# Vanda Paki 'Esther Motes' HCC/AOS



## Greenpaph (Jul 20, 2008)

Currently in bloom.


----------



## Yoyo_Jo (Jul 20, 2008)

Wow! That is gorgeous! :clap:


----------



## paphioboy (Jul 20, 2008)

That's a pretty unusual hybrid...  Is it fragrant? What is the parentage..? Does it have tricolor or luzonica in it..?


----------



## JeanLux (Jul 21, 2008)

very, very nice Peter; it is good to see again that there do exist non-blue Vandas  !!! Jean


----------



## Candace (Jul 21, 2008)

A very happy blooming!


----------



## Greenpaph (Jul 21, 2008)

paphioboy said:


> That's a pretty unusual hybrid...  Is it fragrant? What is the parentage..? Does it have tricolor or luzonica in it..?

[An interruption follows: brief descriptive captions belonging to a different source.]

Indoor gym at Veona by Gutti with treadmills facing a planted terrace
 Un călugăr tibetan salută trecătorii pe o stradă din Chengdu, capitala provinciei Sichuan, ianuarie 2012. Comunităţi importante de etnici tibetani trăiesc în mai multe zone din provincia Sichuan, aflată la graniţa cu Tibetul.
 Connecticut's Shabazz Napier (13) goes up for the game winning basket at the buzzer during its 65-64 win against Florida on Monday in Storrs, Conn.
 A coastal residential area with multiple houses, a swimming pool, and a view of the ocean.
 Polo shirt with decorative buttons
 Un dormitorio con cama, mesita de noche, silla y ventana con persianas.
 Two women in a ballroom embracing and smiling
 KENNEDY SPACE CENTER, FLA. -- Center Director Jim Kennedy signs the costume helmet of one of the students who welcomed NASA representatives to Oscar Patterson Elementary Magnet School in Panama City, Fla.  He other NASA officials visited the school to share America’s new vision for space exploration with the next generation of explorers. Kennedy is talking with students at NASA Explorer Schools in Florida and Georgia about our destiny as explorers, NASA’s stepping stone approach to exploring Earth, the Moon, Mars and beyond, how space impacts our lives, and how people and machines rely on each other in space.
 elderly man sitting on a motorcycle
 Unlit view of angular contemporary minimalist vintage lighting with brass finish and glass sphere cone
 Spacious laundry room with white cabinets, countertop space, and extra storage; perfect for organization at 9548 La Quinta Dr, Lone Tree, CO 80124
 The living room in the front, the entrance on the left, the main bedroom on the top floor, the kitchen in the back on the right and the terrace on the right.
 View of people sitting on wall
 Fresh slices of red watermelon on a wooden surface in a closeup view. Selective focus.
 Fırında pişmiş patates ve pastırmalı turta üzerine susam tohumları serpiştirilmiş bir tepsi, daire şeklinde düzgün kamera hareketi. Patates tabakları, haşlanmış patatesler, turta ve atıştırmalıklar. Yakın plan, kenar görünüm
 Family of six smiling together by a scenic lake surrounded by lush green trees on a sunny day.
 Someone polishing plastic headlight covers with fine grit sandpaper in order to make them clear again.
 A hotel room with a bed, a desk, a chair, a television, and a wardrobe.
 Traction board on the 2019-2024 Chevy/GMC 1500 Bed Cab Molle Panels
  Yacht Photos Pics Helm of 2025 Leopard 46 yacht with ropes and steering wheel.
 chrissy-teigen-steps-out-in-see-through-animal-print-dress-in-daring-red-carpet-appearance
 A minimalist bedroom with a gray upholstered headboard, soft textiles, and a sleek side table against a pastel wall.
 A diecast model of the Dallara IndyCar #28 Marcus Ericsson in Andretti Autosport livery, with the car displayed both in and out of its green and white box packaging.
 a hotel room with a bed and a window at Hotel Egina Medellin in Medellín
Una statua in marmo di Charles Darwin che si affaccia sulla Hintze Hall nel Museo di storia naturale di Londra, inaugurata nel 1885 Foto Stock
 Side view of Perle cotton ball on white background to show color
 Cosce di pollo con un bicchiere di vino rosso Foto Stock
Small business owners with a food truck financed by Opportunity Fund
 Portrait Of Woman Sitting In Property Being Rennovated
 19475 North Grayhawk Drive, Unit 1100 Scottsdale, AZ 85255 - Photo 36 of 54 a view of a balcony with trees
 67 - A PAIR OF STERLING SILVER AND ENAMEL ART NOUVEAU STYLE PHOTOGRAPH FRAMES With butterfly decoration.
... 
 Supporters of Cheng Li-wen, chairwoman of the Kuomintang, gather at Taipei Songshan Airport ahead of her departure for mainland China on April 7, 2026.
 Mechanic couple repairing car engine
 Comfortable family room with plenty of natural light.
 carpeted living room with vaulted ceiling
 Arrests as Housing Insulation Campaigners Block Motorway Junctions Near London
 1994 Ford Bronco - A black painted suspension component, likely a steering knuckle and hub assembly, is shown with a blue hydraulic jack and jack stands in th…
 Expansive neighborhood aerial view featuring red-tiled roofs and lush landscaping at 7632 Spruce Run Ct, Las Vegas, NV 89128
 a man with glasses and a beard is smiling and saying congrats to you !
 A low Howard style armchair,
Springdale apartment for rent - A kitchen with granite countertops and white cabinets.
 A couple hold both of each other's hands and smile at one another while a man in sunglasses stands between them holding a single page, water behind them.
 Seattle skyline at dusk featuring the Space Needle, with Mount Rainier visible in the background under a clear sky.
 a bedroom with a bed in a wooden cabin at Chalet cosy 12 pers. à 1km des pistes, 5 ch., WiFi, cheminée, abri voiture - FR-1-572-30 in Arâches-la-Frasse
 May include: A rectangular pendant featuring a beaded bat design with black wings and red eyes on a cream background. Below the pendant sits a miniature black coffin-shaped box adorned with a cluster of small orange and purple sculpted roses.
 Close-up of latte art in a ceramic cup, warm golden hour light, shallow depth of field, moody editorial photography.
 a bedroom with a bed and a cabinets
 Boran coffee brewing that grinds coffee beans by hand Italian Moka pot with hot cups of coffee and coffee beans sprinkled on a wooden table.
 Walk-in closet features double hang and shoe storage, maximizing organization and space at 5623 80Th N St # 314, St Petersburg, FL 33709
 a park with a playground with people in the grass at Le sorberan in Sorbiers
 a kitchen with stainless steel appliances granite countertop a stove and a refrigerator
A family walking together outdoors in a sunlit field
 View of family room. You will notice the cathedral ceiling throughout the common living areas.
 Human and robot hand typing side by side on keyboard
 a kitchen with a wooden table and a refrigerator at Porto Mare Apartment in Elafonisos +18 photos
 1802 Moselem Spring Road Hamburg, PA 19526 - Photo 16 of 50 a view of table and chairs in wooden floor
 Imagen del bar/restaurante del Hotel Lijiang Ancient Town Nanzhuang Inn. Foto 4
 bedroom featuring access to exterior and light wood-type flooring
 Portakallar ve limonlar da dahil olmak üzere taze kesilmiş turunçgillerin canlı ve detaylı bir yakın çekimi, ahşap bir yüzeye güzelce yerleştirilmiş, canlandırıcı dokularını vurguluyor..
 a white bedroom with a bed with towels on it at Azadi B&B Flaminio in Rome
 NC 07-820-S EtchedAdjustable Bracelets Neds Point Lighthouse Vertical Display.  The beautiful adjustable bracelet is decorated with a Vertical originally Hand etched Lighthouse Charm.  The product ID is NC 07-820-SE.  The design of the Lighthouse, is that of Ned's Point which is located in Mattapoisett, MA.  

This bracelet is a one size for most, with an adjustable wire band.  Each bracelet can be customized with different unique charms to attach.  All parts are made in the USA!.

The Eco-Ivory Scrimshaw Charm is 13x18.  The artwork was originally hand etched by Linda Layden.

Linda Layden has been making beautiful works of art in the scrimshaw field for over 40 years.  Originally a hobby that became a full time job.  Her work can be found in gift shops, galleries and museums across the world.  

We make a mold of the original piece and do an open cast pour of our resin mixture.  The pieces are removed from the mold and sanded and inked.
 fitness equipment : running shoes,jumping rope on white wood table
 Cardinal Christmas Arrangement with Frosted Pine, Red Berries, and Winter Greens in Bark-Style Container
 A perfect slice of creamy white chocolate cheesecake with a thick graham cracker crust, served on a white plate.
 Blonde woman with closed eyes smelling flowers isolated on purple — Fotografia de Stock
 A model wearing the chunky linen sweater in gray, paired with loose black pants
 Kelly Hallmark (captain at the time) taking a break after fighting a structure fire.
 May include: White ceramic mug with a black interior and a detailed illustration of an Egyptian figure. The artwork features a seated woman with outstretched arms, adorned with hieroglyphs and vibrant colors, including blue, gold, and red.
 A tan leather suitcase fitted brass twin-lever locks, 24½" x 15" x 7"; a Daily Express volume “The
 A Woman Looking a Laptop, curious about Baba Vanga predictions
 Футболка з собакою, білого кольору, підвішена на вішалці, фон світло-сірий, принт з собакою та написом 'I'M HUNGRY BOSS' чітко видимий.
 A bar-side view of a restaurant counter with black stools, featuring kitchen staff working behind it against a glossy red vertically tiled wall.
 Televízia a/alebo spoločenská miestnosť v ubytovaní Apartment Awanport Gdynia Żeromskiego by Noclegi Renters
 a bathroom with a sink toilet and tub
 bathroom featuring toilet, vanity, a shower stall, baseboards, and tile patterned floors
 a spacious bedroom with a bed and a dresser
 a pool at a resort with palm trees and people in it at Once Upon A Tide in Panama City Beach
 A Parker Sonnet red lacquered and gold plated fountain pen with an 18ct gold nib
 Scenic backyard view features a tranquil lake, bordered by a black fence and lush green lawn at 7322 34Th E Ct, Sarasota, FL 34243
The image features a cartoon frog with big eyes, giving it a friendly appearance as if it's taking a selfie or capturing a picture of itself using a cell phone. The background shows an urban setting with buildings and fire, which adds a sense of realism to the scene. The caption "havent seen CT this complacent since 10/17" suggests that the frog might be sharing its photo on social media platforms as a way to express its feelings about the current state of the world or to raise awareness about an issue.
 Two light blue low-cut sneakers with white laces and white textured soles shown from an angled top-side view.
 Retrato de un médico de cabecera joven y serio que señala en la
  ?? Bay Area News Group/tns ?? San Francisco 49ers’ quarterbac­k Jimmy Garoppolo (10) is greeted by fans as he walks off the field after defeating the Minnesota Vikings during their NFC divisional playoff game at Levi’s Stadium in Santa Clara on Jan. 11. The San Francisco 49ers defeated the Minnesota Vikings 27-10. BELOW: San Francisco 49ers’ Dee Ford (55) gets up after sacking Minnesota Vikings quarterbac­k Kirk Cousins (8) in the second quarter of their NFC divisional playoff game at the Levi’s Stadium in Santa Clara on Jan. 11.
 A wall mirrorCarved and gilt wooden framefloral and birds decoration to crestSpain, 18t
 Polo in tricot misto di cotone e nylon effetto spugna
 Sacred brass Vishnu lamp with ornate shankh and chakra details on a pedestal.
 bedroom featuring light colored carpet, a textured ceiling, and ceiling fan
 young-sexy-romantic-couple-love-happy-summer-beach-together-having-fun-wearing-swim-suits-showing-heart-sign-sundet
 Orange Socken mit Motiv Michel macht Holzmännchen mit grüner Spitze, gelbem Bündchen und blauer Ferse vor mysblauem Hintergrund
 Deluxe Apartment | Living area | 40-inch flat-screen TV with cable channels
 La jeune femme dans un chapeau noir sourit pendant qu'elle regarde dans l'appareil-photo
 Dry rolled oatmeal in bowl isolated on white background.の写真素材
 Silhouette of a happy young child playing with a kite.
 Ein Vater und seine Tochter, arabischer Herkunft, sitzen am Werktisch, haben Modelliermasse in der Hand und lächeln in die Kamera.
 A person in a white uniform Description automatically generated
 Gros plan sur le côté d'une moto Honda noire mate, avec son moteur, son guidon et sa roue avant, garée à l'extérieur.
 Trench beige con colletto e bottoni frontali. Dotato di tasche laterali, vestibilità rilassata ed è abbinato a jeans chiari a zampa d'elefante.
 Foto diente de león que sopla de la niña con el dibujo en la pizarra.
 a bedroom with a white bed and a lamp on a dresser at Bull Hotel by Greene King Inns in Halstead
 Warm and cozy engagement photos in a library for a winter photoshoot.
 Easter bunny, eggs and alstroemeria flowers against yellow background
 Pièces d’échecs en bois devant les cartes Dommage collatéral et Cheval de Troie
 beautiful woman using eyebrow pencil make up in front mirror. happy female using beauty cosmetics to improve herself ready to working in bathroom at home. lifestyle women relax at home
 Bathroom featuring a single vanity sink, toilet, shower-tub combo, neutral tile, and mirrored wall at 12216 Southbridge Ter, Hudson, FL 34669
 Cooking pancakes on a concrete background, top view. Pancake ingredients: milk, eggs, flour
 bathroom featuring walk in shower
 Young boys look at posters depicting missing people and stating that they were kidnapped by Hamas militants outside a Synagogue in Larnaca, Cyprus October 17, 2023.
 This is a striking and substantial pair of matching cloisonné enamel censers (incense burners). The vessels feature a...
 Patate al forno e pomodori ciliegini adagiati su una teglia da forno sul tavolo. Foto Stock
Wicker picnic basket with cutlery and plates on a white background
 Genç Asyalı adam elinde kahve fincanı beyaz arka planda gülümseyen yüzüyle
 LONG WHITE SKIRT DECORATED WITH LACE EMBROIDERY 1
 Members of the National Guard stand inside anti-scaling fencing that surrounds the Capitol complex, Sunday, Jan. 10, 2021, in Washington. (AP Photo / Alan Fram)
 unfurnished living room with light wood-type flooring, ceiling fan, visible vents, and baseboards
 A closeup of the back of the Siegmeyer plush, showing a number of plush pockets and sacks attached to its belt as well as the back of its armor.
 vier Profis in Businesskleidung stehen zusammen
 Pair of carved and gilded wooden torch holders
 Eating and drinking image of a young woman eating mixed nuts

It is cristata x tricolor and it is slightly fragrant.


----------



## goldenrose (Jul 21, 2008)

That is different! Good job!


----------



## SlipperFan (Jul 21, 2008)

They look like they are flying.


----------



## paphjoint (Jul 22, 2008)

Very pretty vanda!


----------



## Greenpaph (Mar 3, 2019)

Just recently bloomed again!


----------



## abax (Mar 7, 2019)

Lovely Vanda and so nice to see one that doesn't look like a dinner
plate.


----------